# Motherboard and Processor at 15K



## ParshuramPatil (Aug 15, 2011)

My current AMD X2 processor failed so needed a new motherboard and processor :
I already have: Sapphire HD5670 GPU and FSP SAGA II 500W PSU 
which i bought only 6 months back so i would want mobo+processor which would run perfectly with them.
My budget is between 10-15k, sadly cant stretch beyond that

Thanks in advance!!!!!

I Need a motherboard and process at around 15000 
sadly cant stretch the budget beyond that 
also i already have: 
Sapphire HD5670 
FSP SAGA II 500W PSU
 so i would preferrably require a mobo which doesnot have a integrated GPU but if no good options are there then its not an issue

Thanks in advance!!!


----------



## d6bmg (Aug 16, 2011)

Do you have plan any to overclock?


----------



## Cilus (Aug 16, 2011)

What kind of Ram you are having, DDR2 or DDR3? If uou are planning to use your existing ram then we have to suggest accordingly.


----------



## Tech_Wiz (Aug 17, 2011)

If you have DDR2 I guess it would be better to sell it off and go with DDR3 considering they are dirt cheap.
i5 2400 - 9.3K
2x2 GB DDR3 Ripjaws x - 1.9K
Intel DH61WW LGA 1155 Motherboard - 3.2K

Total: 15k Approx

Phenom II 955 BE - 5.8K
Gigabyte GA-880 GM - USB3 - 4.8 K

= 2k Less Cost than Intel One.


----------



## ParshuramPatil (Aug 17, 2011)

I do not intend in keeping my DDR2 RAM
my only concern r that it must support my HD5670 and run on 500W

Also i have no problem with Amd solution as before this i had AMD X2 and it worked with no problems for 3+ years

I do plan to overclock

What about 
i5-2500k + Intel DH61WW LGA 1155 Motherboard 
will it be close to 15k and not beyond 16k
i do not overclock so its a non issue
also can it run on 500W psu

sorry not i5-2500k but i5-2500


----------



## sukesh1090 (Aug 17, 2011)

ya you can go with i5 2500 and cost may be within 10k but i doubt about its availability.
so better to go with i5 2400.

ya you can go with i5 2500 and cost may be within 10k but i doubt about its availability.
so better to go with i5 2400.


----------



## ParshuramPatil (Aug 17, 2011)

i wanted to know is it worth waiting for new amd range which is coming. If yes how long. Also is it possible to fit in i5 2500 with a mobo and still be withing 16k. M asking as i saw in some websites that the performance diff between 2500 and 2400 is greater compared to the price diff. Is it true.also could any one suggest an amd solution within 16k


----------



## sukesh1090 (Aug 17, 2011)

only time can say that was it worth for waiting bulldozer or not.but still my heart says it is worth.so if you can wait for 1-2 months.for right now if you are in hurry you can do one thing you can buy mobo and all for the bulldozer with a cheap amd processor and later you can upgrade it to BD.but still i suggest you to wait.


----------



## Tech_Wiz (Aug 17, 2011)

If you want to overclock then forget about Intel.

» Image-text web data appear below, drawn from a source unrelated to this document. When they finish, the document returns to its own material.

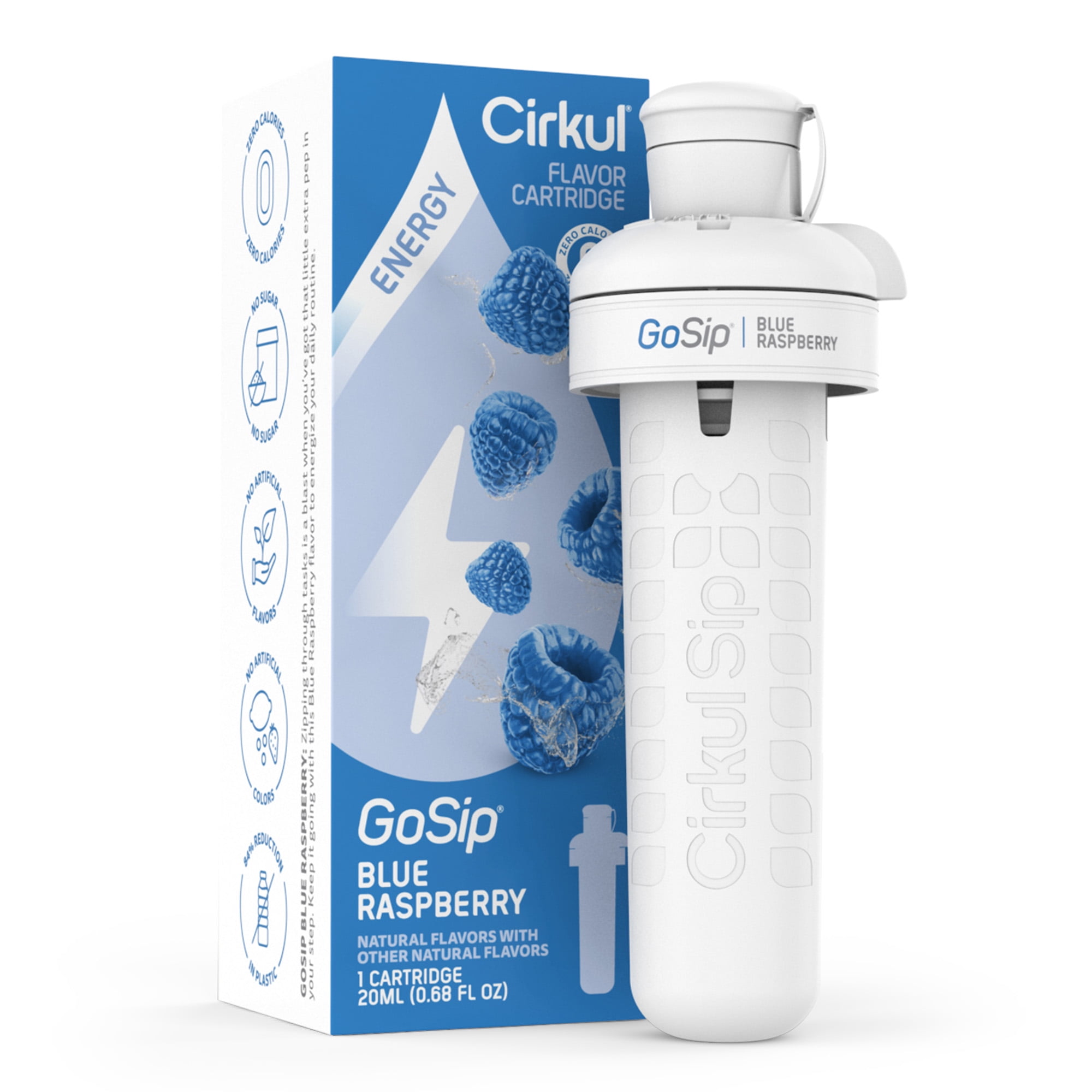 Cirkul GoSip Blue Raspberry Flavor Cartridge, Drink Mix, 1-Pack 
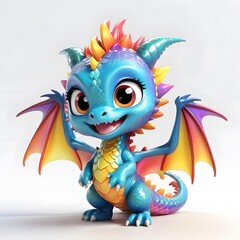 Brightly colored 3D chibi dragon with a playful and adorable expression, perfect for adding a touch of whimsy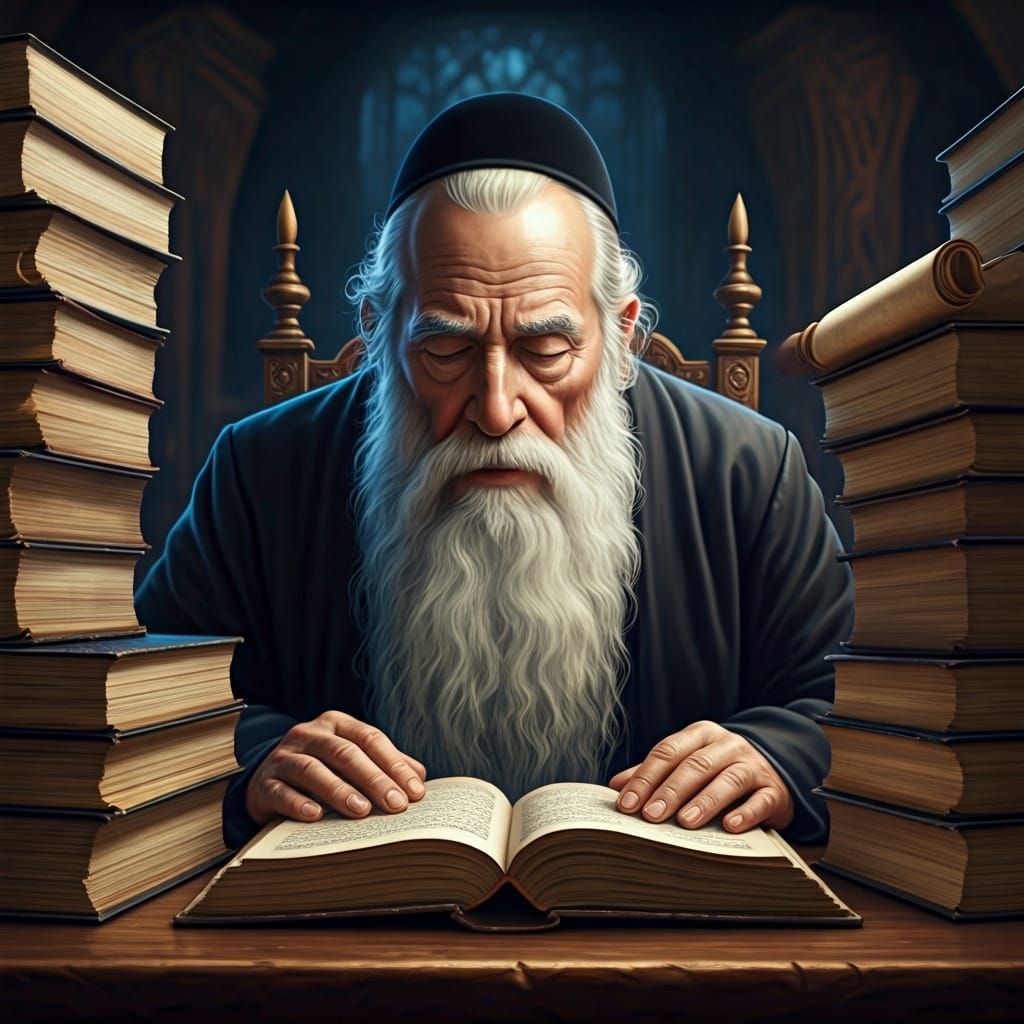 Rabbi Reading in Dimly Lit Study
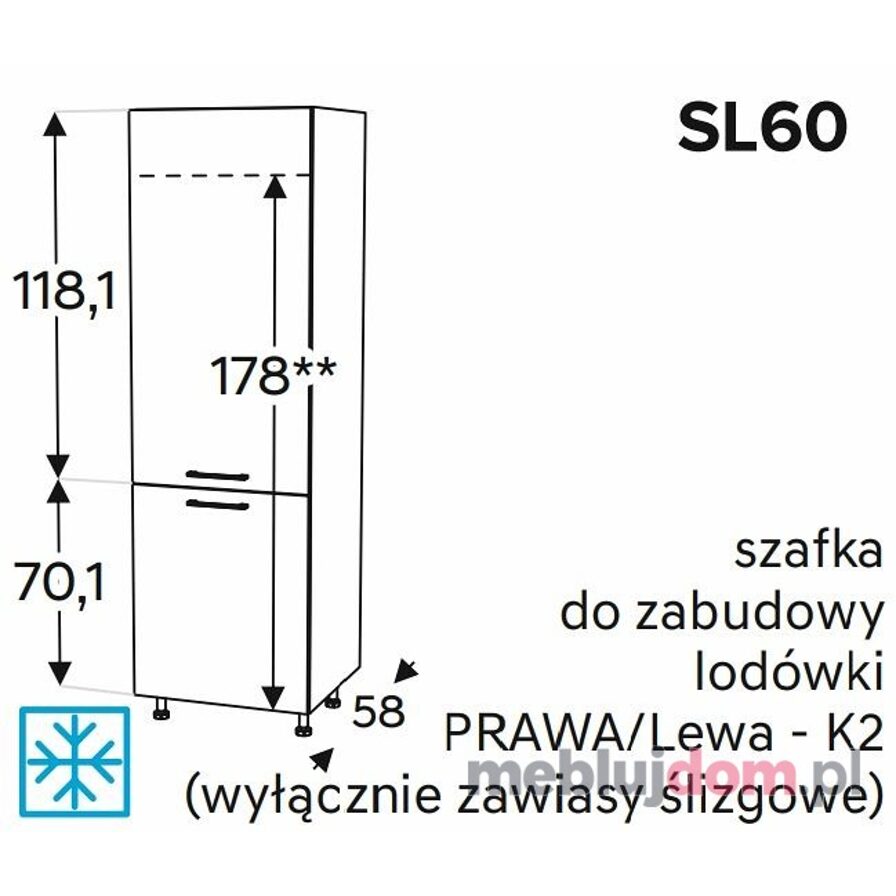 Szafka MONO SL 60 do zabudowy lodówki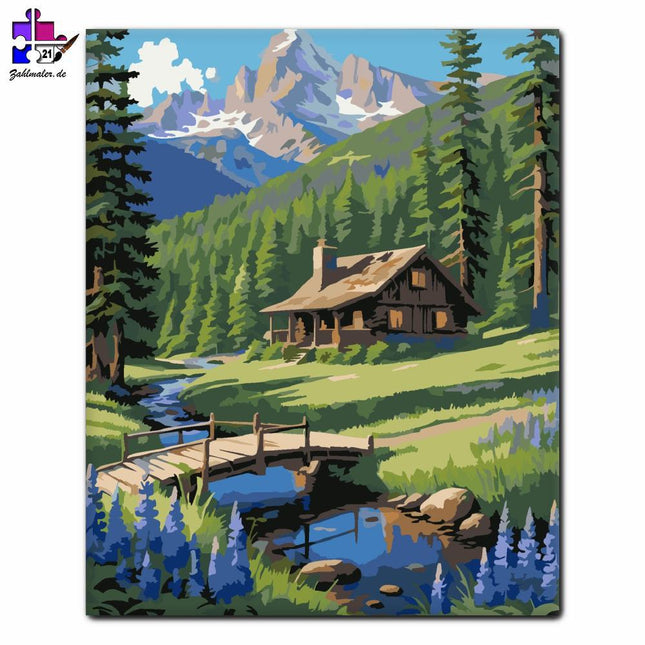 Berghütte und lila Lupinen | Malen nach Zahlen-Zahlmaler.de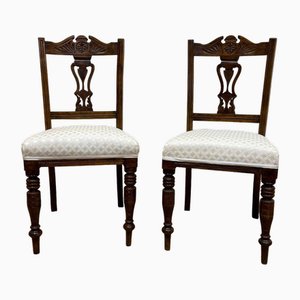 Chairs in Mahogany with White Cover, England, 1850s, Set of 2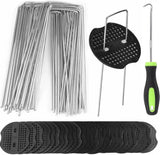 200 Weed Control Membrane Pegs + 200 Buffer Washer Weed Mat Pegs U-Shaped Galvanised Securing Pegs Ground Cover Pegs Metal Garden Landscape Staples Artificial Grass Pins Barrier Pegs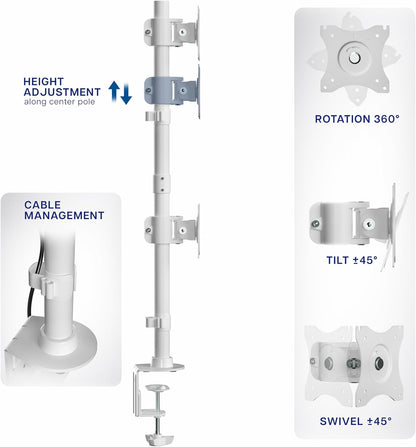 VIVO Dual Monitor Desk Mount Stand with Height Adjustment and VESA Plates for 2 LCD Ultrawide Screens up to 34 inches, Stacked Array, STAND-V002RW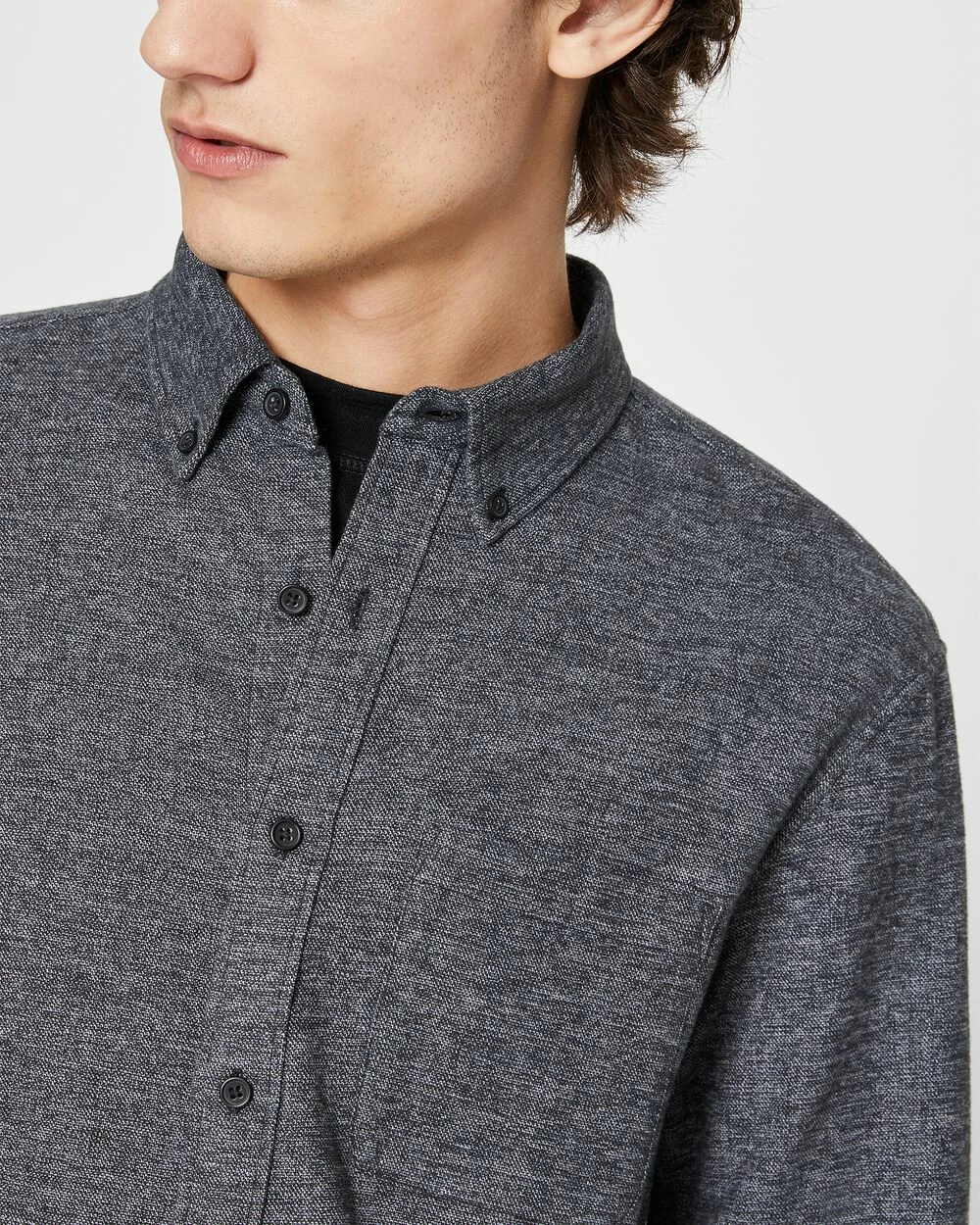 Deals ๐ Club Monaco Men Long Sleeve Slim Jaspรฉ ๐ Shirt Black ๐ฅ - Image 3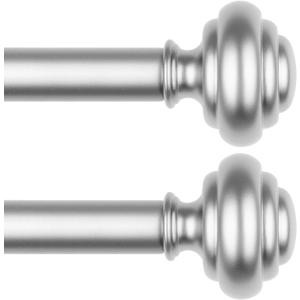 KAMANINA 2 Pack Curtain Rods for Windows 32 to 58 Inches (2.6-4.8ft) Heavy Duty Curtain Rods, 7/8 Inch Adjustable Decorative Drapery Rods Set with Modern Finials, Silver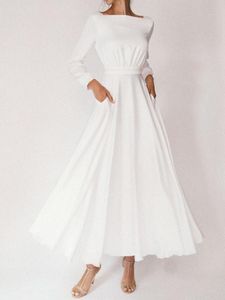 Wholesale white long sleeve open back dress for sale - Group buy Casual Dresses RMSFE Ladies Summer Fashion Sexy Long Sleeve Round Neck Open Back Big Swing Temperament Pure White Dress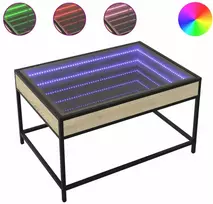 Kavos staliukas su Infinity LED lemputėmis, ąžuolo, 70x50x41cm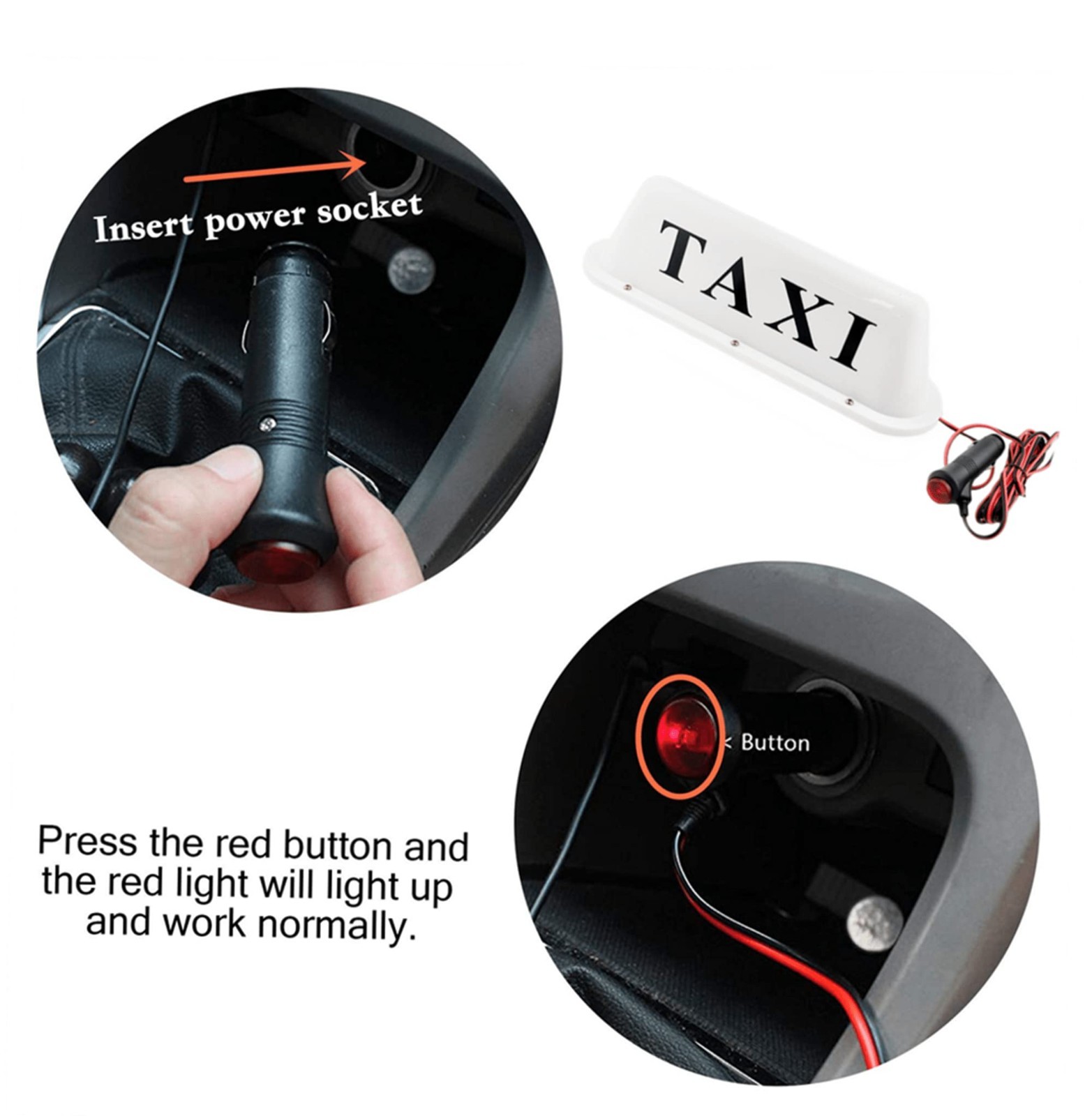12V LED Magnetic Taxi Roof Sign Light – Super Bright, Multiple Colors, 3M Power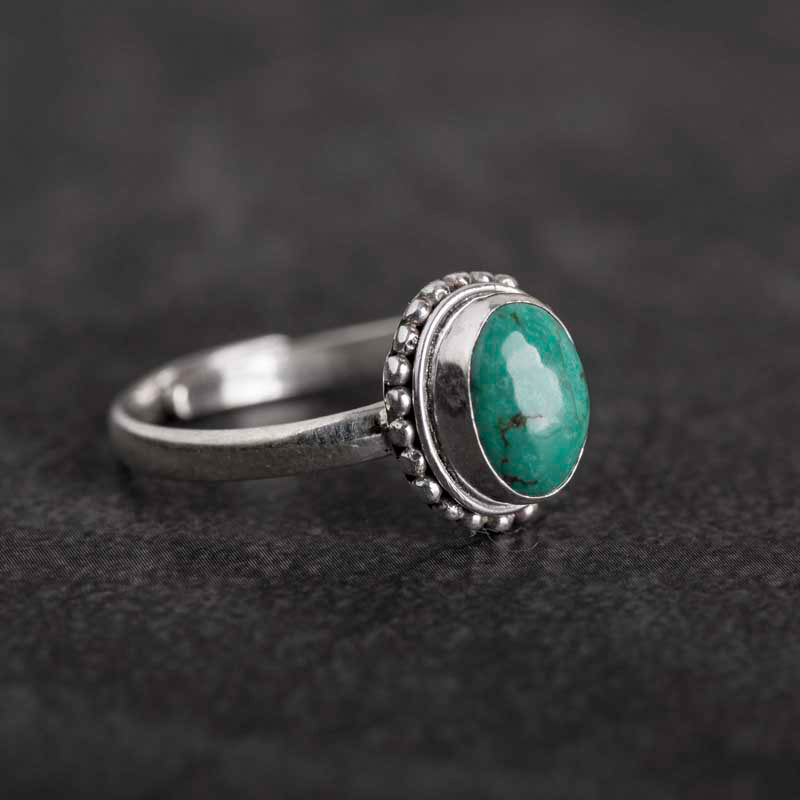 Anillo de amor de sabiduría turquesa de plata de ley 925 con Buddha Stones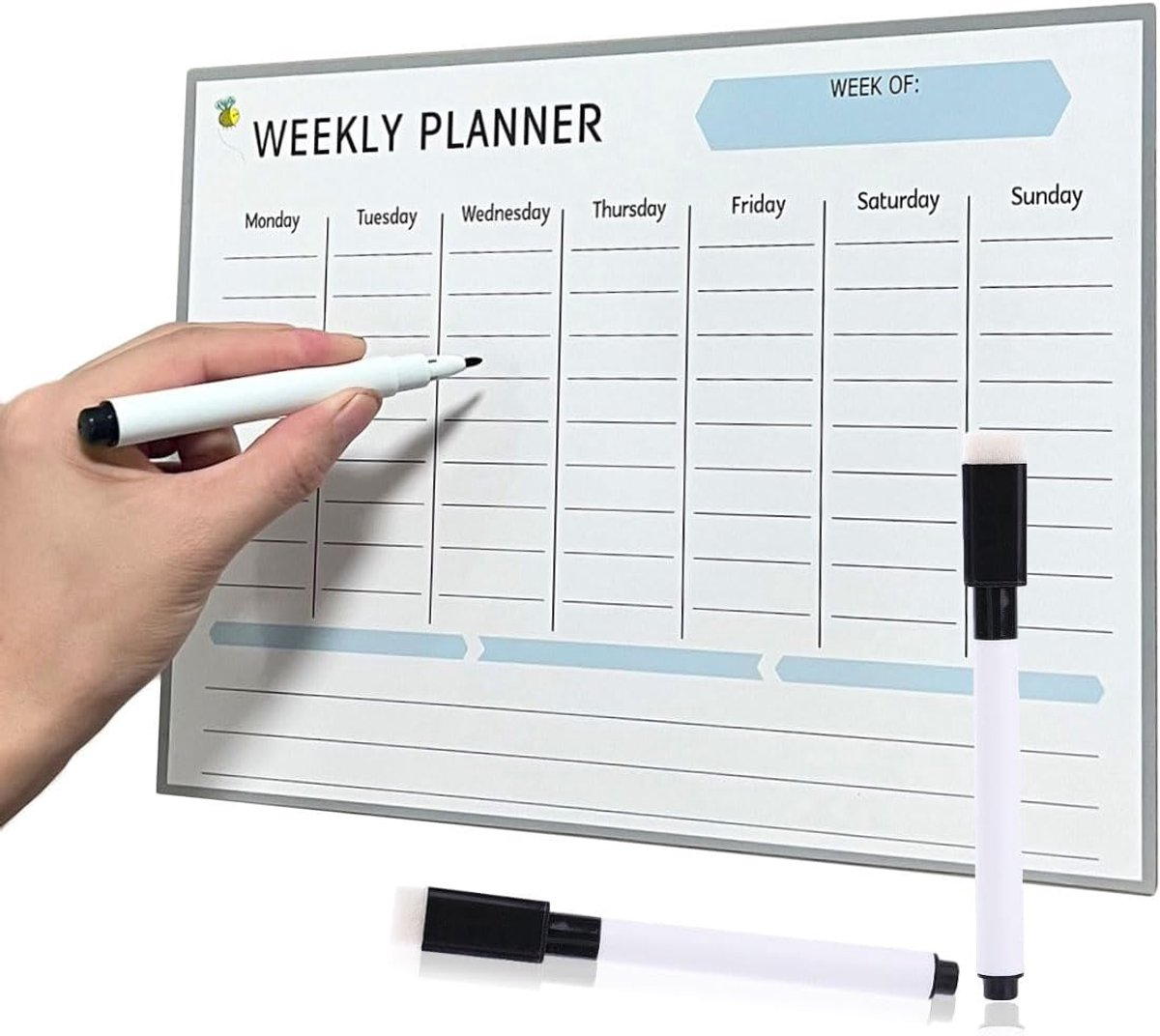 Thijox - Magnetische Weekplanner Whiteboard A4 - Droog Afwisbare To-Do Lijst voor Koelkast - Inclusief 2 Markers - Ideaal voor Maaltijdplanning en Org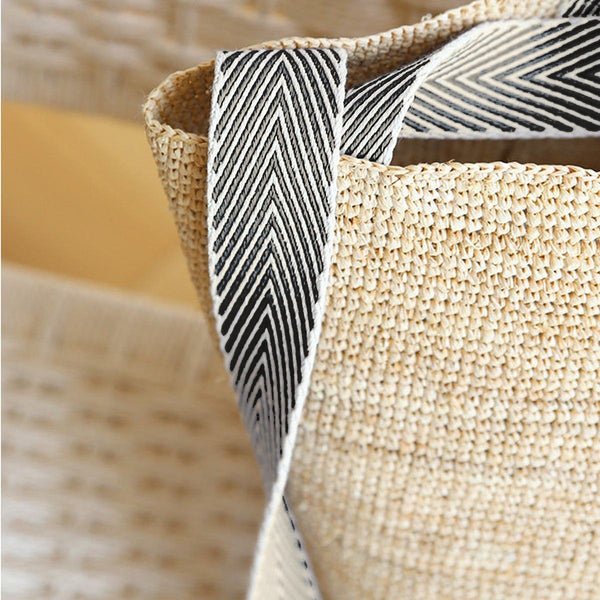 The Taormina Raffia Tote — Webbing strap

i5 2500k has to be coupled with a P67 or Z68 Mobo for OC and a decent mobo will cost near 10k odd taking Proccy + Mobo to 20K.

If you can wait then Wait till BD Comes or else Go with the AMD Solution I gave. The Mobo is compatible with BD so no worries and you can OC that Proccy like Hell.


----------



## Tenida (Aug 17, 2011)

Get 
*Processor-Intel Core i5 2500@9.8K
Motherboard-Intel DH67BL@5.3K*
*Corsair/GSKILL 4GB 1333 Mhz@ 1.5K*


----------



## ico (Aug 18, 2011)

ParshuramPatil said:


> *I do plan to overclock*
> 
> What about
> i5-2500k + Intel DH61WW LGA 1155 Motherboard
> ...


hmm you will overclock or not?

I'm not a fan of high-end CPU and el cheapo motherboard combinations. Do get a decent mid-range H67 chipset motherboard around ~6k.


----------



## ParshuramPatil (Aug 18, 2011)

Sorry for the conflicting requirements...at first i thought about overclocking as i did before. But then i understood my budget was 15k not 50k  So finally m not gonna do any overclocking.  
And yes i agree i dont want an el cheapo mobo to ruin the fantastic processor. M just asking if its possible to fit in a decent mobo with i5 or any amd solution.


----------



## Tech_Wiz (Aug 18, 2011)

Then go with Tenida


----------



## ParshuramPatil (Aug 19, 2011)

are these lamington road prices?


----------



## ParshuramPatil (Oct 23, 2012)

Well it has been more than a year for this request but i was able to survive with my brothers laptop.. but now i need to upgrade my pc asap.
The budget  is same as 15k for mobo+pc and i did some searching and found something wierd that....
Core i5 3450  was priced at Rs. 11766 and
Core i5 2400 was priced at Rs. 11854 (source Flipkart)
Now from quick browsing the spec i found that both are similar. Then how come an older generation processor be costlier? am i missing something.


----------



## vkl (Oct 23, 2012)

Intel i5 3450 -11.5k
GIGABYTE GA-B75M-D3H - 4.3k


----------



## ParshuramPatil (Oct 23, 2012)

Thanks vkl for the suggested motherboard it was getting confusing searching for it... but still i am puzzled by the price anomaly, hope someone could clear that for me...


----------



## vkl (Oct 23, 2012)

Online vendors can show different prices which can be bit abnormal depending upon various factors.This is not a thing to ponder over.
Look at local market prices which are more stable or look at hardware specific sites like smcinternational.in to get the idea of pricing of components.
In general there you won't find such anomaly.


----------



## ParshuramPatil (Oct 24, 2012)

So the mobo+cpu is done now about RAM.....i was suggested Corsair/GSKILL 4GB 1333 Mhz
But i also found Kingston one with same pricing but with lesser latency .... so should i go for the latter or for the former
If any better suggestion plz do tell..my budget is 1.5K and i dont OC 
Thanks in advance..


----------



## vkl (Oct 24, 2012)

1.G.Skill RipjawsX(1600MHz)(F3-12800CL9S-4GBXL) 4GB@1.5k
2.CORSAIR RAM VENGEANCE LOW PROFILE 4GB DDR3(1600MHz) @1.3k
Get 1600MHz RAM.Pick any one of the two.


----------



## ParshuramPatil (Oct 28, 2012)

So i am going to buy it this week...and m going to assemble the PC by myself for the first time... so plz do give any pointers that i have to be very careful of and if any helpful installation threads or links plz do give it to me and for which i would be very grateful.


----------